Even recent struggles against authoritarian governments have been largely driven by labor organizations and worker protests. From Spain in the late Franco years, Chile under Pinochet, and Argentina under neo-Nazi generals, to the Arab Spring of 2011, workers and unions have not only, through collective action, destabilized despotic regimes but have often led the resistance that overthrew them. This isn’t surprising, since the working class is typically the group that suffers most from a lack of democracy.

In short, it is hardly an exaggeration when yet another scholarly study concludes that “the organized working class appeared as a key actor in the development of full democracy almost everywhere.”

Organized labor means solidarity

Evidently, then, unions and other labor organizations aren’t as “narrowly economic” as it might seem.
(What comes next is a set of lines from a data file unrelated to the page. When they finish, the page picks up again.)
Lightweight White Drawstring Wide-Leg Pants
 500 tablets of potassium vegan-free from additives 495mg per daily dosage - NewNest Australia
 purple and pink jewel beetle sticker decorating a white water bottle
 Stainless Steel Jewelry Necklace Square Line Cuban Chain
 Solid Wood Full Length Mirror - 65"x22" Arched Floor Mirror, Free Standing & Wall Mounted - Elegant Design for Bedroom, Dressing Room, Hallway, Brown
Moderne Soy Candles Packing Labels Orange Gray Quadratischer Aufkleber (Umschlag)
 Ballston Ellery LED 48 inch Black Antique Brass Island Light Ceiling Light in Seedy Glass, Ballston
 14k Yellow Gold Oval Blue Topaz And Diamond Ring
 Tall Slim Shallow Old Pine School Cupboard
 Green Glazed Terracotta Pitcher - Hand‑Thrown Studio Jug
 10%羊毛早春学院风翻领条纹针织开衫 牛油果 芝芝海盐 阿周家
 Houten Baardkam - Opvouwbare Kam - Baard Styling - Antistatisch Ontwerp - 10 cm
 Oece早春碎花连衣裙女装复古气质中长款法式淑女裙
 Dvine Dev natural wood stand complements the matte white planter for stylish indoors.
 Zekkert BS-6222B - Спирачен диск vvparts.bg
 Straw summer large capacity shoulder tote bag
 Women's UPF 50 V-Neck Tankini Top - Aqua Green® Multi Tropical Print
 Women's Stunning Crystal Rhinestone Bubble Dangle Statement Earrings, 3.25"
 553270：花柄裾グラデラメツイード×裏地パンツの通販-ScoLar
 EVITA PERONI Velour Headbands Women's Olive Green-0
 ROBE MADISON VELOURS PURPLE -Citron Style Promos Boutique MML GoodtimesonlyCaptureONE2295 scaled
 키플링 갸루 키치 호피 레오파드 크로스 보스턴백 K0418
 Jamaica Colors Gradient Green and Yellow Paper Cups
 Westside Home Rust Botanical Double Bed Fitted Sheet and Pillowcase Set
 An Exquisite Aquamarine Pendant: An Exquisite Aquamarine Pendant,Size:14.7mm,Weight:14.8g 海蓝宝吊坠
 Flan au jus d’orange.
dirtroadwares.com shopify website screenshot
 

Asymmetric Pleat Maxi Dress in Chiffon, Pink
They do exist to raise wages and expand benefits for their members, and to enhance job security and increase workers’ control over their work, but their functions extend further for two reasons. First, the economic well-being of workers isn’t determined only on the job or through collective bargaining; it is a profoundly political issue, intrinsically connected with government policies and the very structures of the political economy. So there are powerful incentives to get involved in politics, whether that takes the form of mass protests, creating political parties, lobbying, or whatever.

Second, unions are, in the end, little else but their members. They are themselves, or should be, democracies. What the membership desires, therefore, is (ideally) what the union pursues. The guiding principle of business is to make profit, at all costs; the guiding principle of organized labor is simply to empower people, who can themselves determine what their goals are. So if they decide that their goal is to democratize society—as they very well might and often have—then that’s what they’ll try to do.

For both reasons, most of the time and over a long period, the large-scale thrust of labor organizations is to increase democracy: political and social democracy, and ultimately, perhaps, economic democracy, in which workers oust the boss and run the workplace themselves. The sheer size of the membership and (frequently) the immense resources of organized labor mean that the efforts can have momentous effects.

In the absence of strong unions, on the other hand, “the general prey of the rich on the poor,” as Thomas Jefferson described it, can take truly savage forms and go to lycanthropic extremes. Income and wealth inequality can skyrocket; billionaires can pay trivial tax rates of 3% or 4%, far lower than the rates that most wage-earners pay; agencies like the Occupational Safety and Health Administration that exist to protect workers’ rights can be gutted and hamstrungvast networks of far-right dark money, political organizations, and media infrastructure can spring up unopposed by comparable networks on the left; reactionaries find it easier to be elected and to appoint fellow reactionaries to the judiciary, which subsequently eviscerates voting rights, opens the floodgates to corporate political spending, makes it more difficult for workers to organize, and overturns Roe v. Wade. In general, the decline of unions means relatively untrammeled rule by big business, which itself means oligarchy.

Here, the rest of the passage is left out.